Captioned web image data -
• • • •
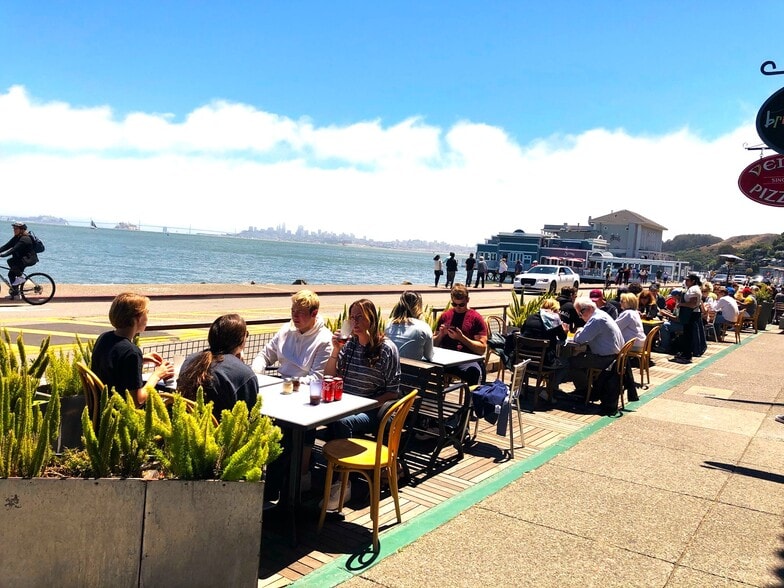 More Photos Of 631-633 Bridgeway, Sausalito Storefront Retail Office For Lease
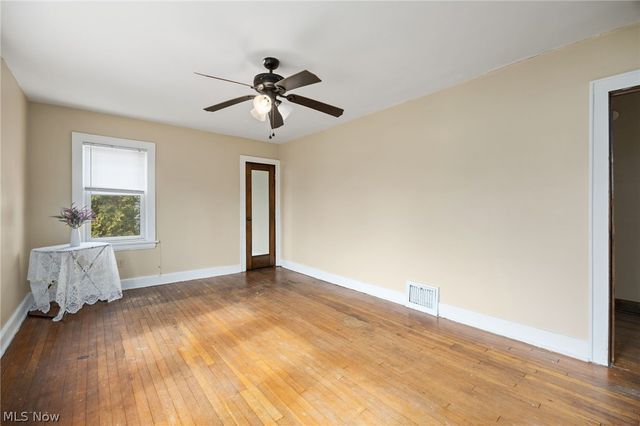 31 Medford Avenue, Akron, OH 44310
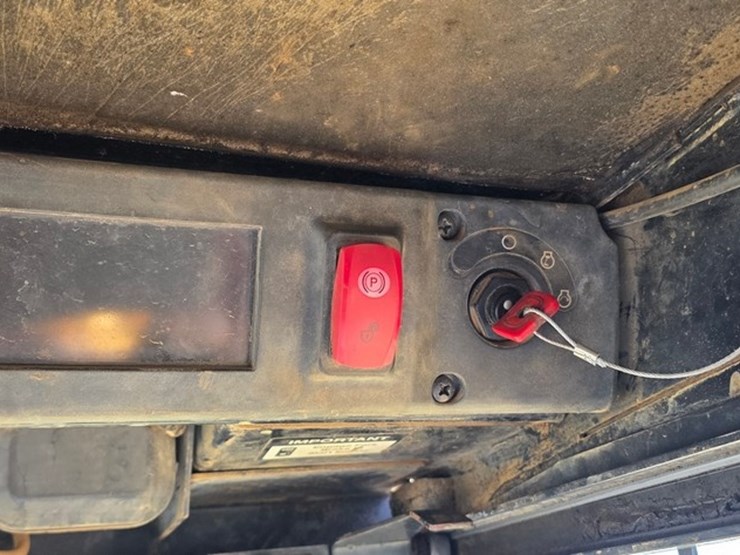 2007-deere-ct332-image-46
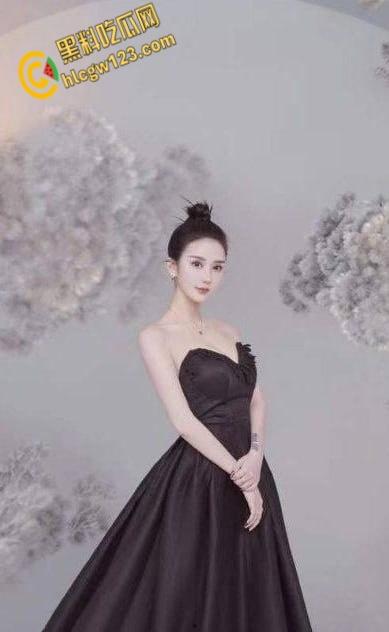 上海名媛【张佳怡】下海爆操，肉感肥臀无套内射，这身材真是极品尤物！  第1张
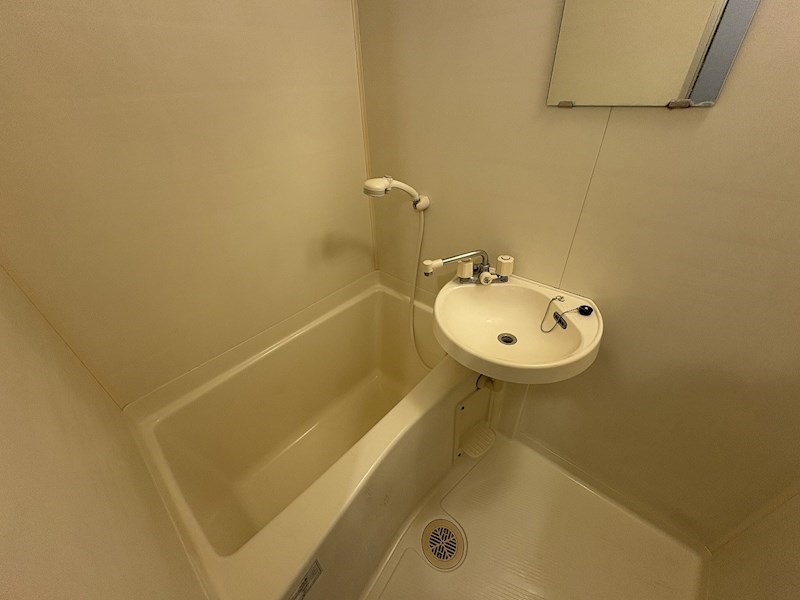 バス・シャワールーム　清潔感のあるお風呂で一日の疲れを癒しましょう。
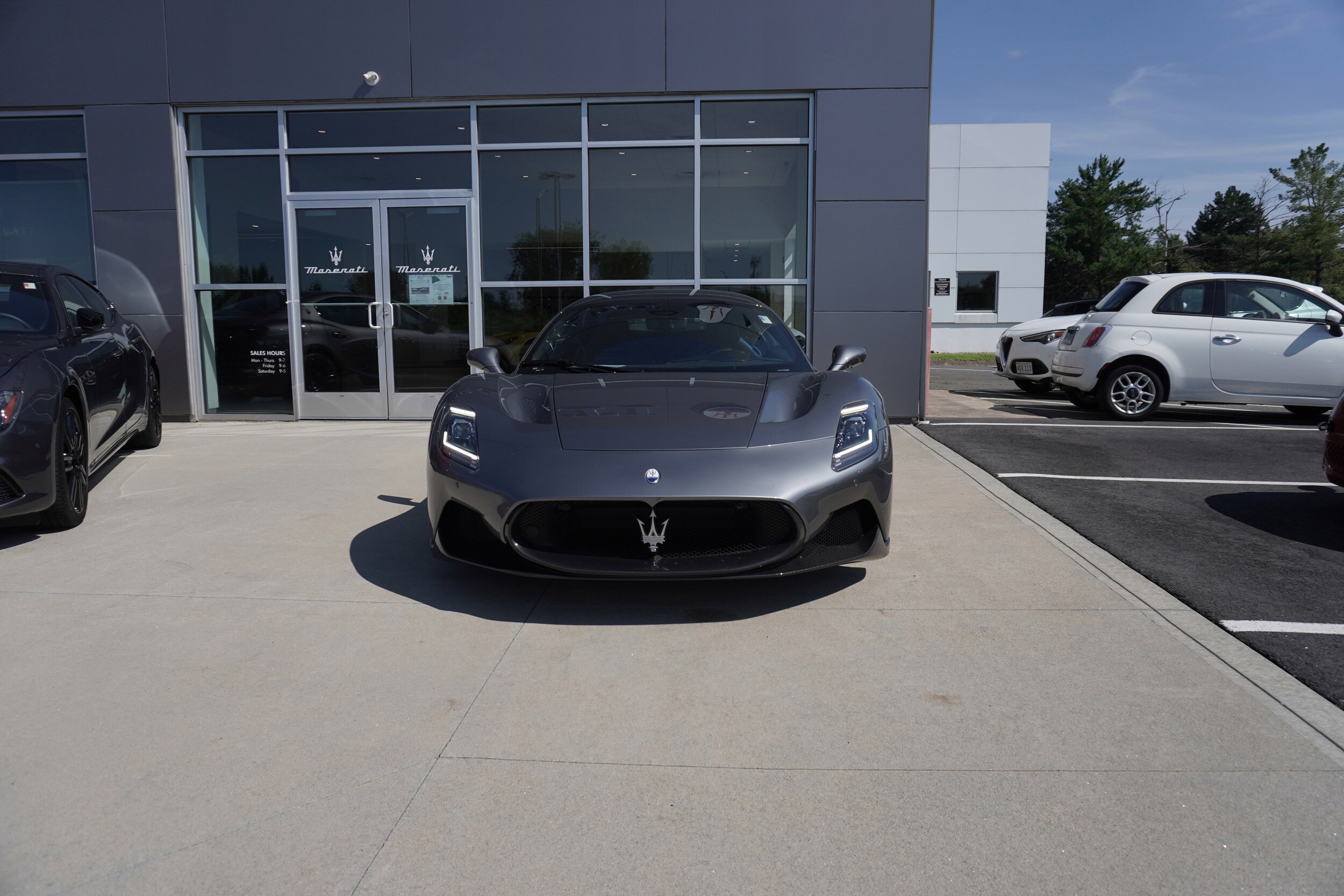 2022 Maserati MC20 Coupe photo 2
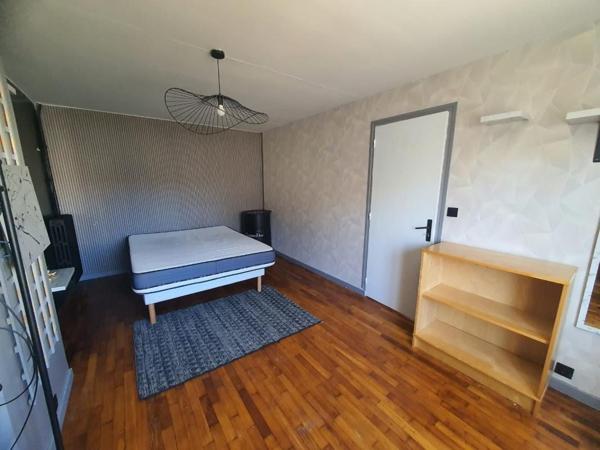 EXCLUSIVITÉ LANESTER : Au centre, citadine 3 chambres , grenier aménageable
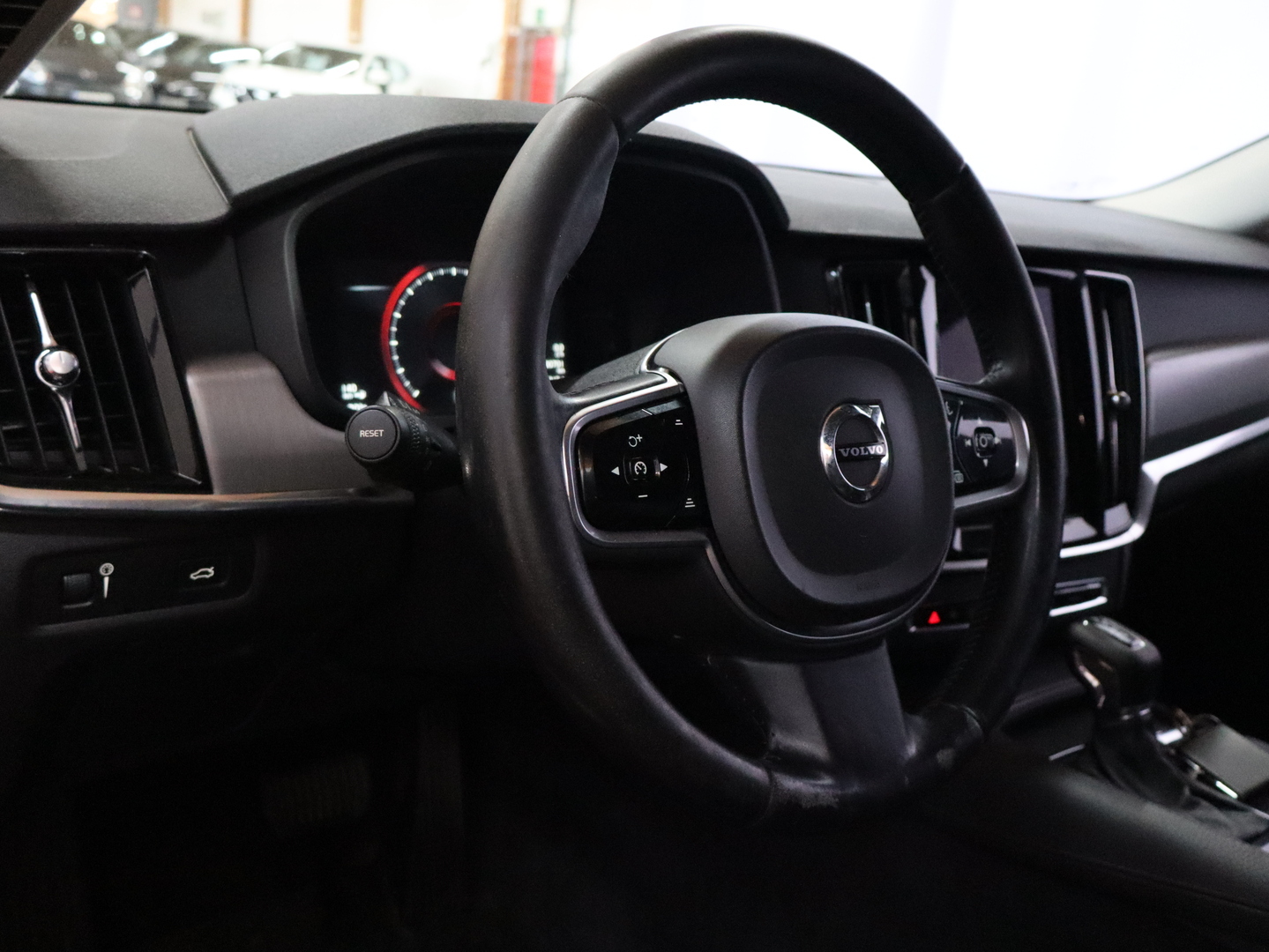 VOLVO V90 2017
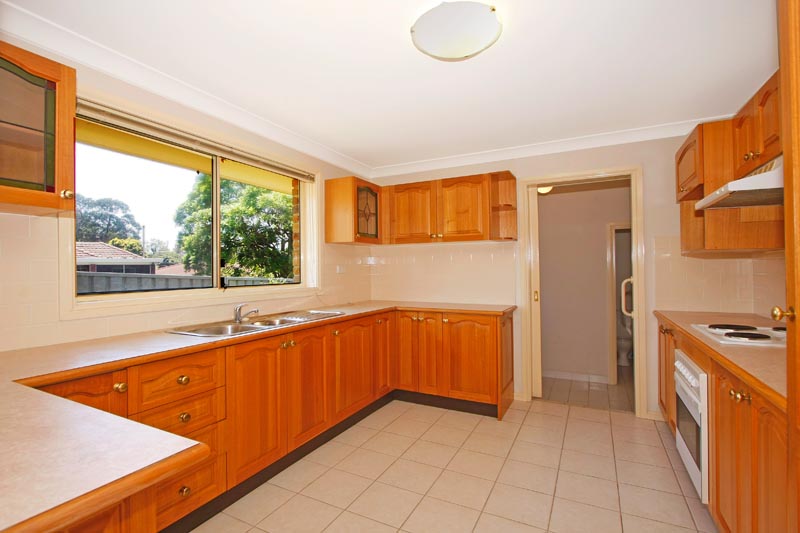 Modern Villa With Double Garaging and North Facing Courtyard Picture 2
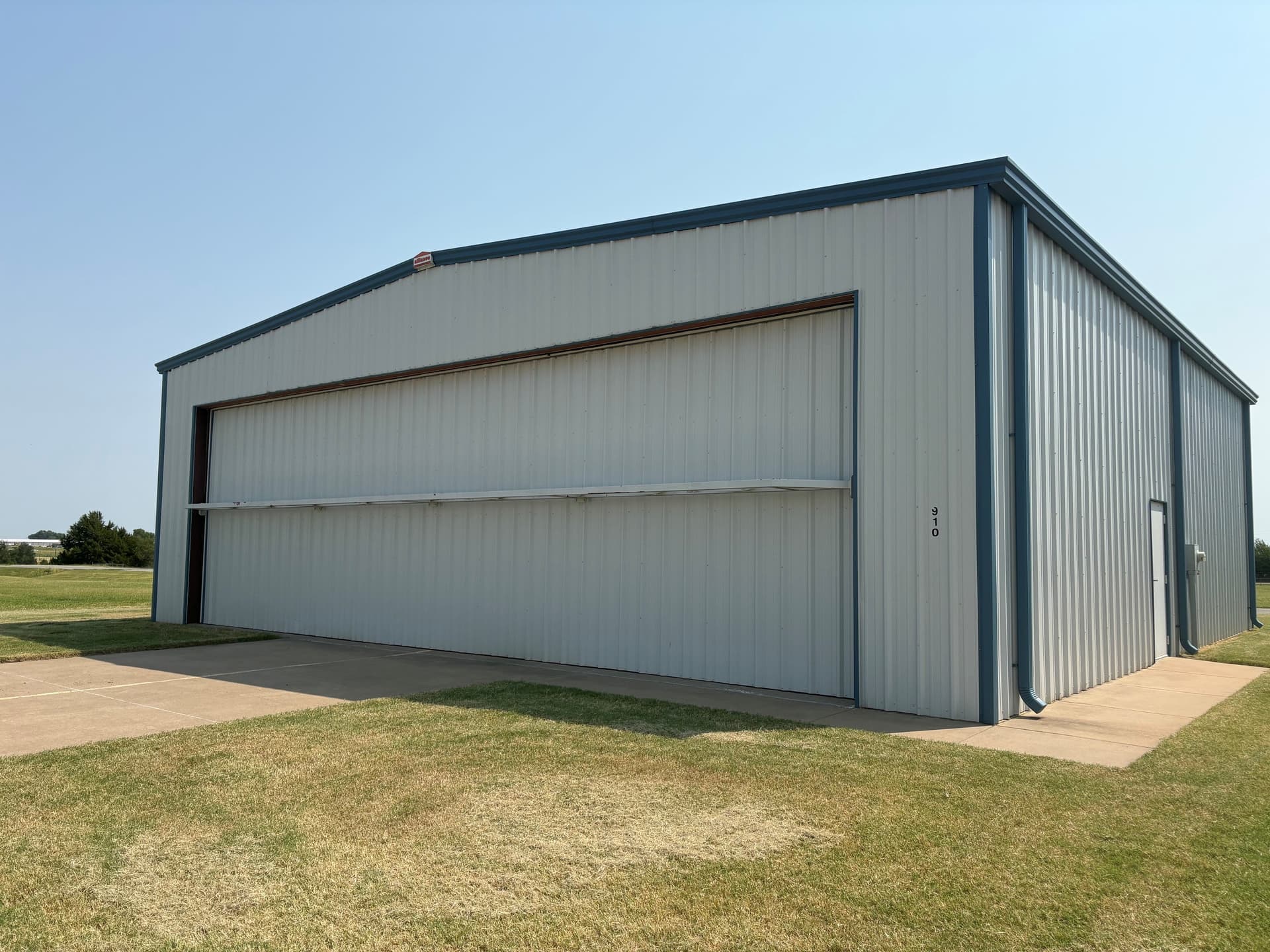 hangar popup image 6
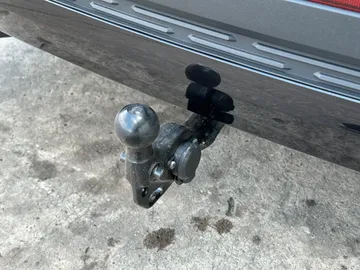 Car image 48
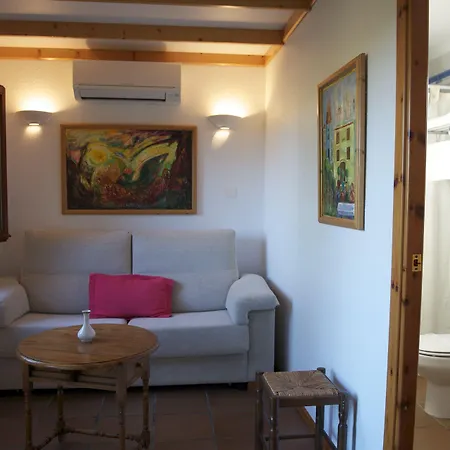 La Cerca Del Alcornoque Country house *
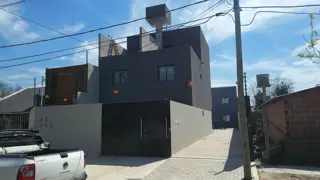 Dúplex de tres ambientes en Ituzaingó Norte foto 4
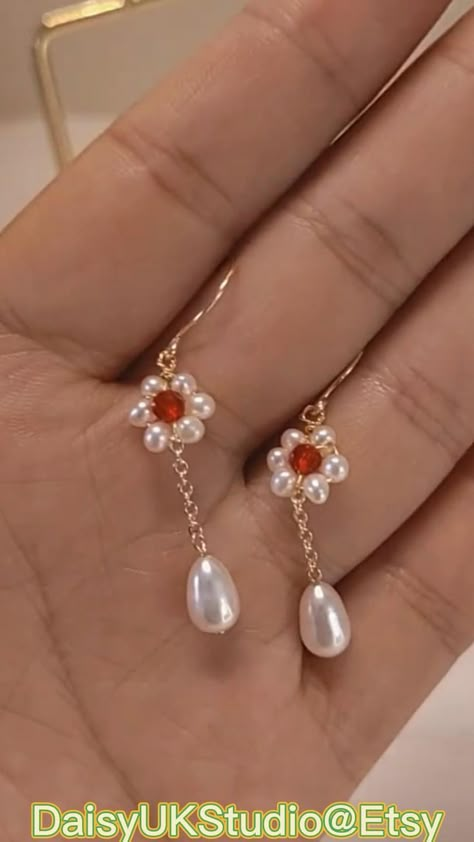 Handmade pearl earrings in 2022 | Handmade jewelry tutorials, Bridal jewelry diy, Diy jewelry videos Handmade Pearl Earrings, Diy Jewelry Videos, Anting Manik, Diy Jewelry Set, Diy Earrings Easy, Earrings Diy Handmade, Diy Wire Earrings, Diy Jewelry Earrings, Beaded Earrings Diy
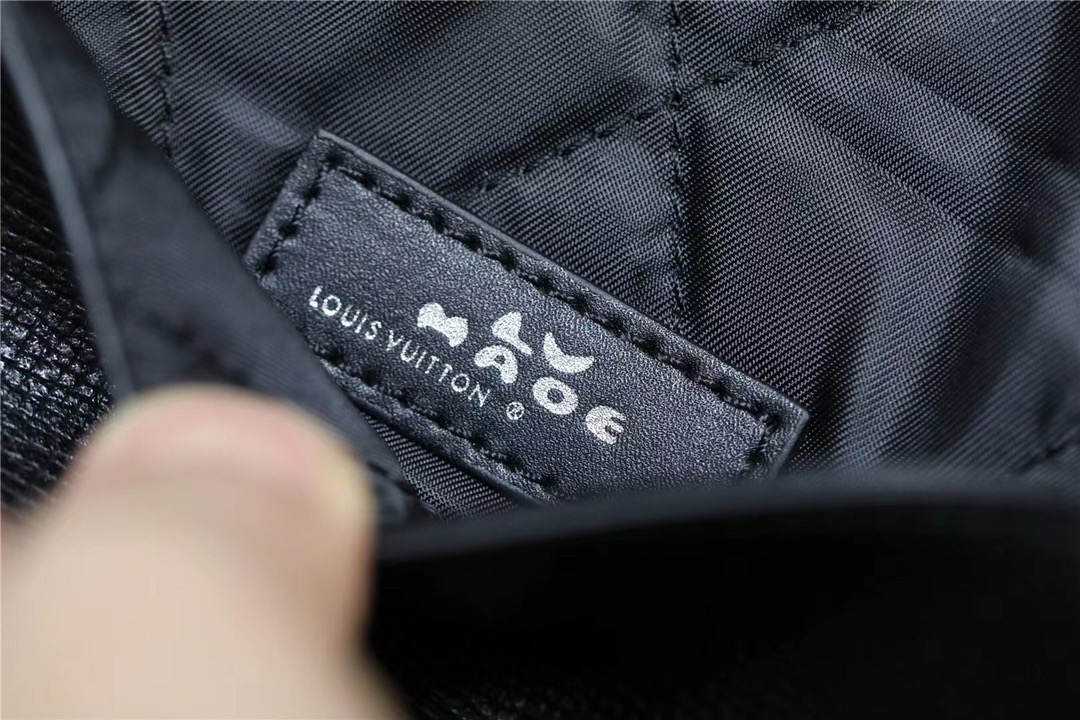 L0vis Vvtt0n Trio Messenger Monogram Denim And Taurillon For Men, Men’s Bags, Shoulder And Crossbody Bags 8.7in/22cm LV M81013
• • • •
Directions for this task - Exclude all images, then retype the records above without alteration.

Exercise response -
 More Photos Of 631-633 Bridgeway, Sausalito Storefront Retail Office For Lease
 31 Medford Avenue, Akron, OH 44310
 2007-deere-ct332-image-46
 上海名媛【张佳怡】下海爆操，肉感肥臀无套内射，这身材真是极品尤物！  第1张
 バス・シャワールーム　清潔感のあるお風呂で一日の疲れを癒しましょう。
 2022 Maserati MC20 Coupe photo 2
 EXCLUSIVITÉ LANESTER : Au centre, citadine 3 chambres , grenier aménageable
 VOLVO V90 2017
 Modern Villa With Double Garaging and North Facing Courtyard Picture 2
 hangar popup image 6
 Car image 48
 La Cerca Del Alcornoque Country house *
 Dúplex de tres ambientes en Ituzaingó Norte foto 4
 Handmade pearl earrings in 2022 | Handmade jewelry tutorials, Bridal jewelry diy, Diy jewelry videos Handmade Pearl Earrings, Diy Jewelry Videos, Anting Manik, Diy Jewelry Set, Diy Earrings Easy, Earrings Diy Handmade, Diy Wire Earrings, Diy Jewelry Earrings, Beaded Earrings Diy
 L0vis Vvtt0n Trio Messenger Monogram Denim And Taurillon For Men, Men’s Bags, Shoulder And Crossbody Bags 8.7in/22cm LV M81013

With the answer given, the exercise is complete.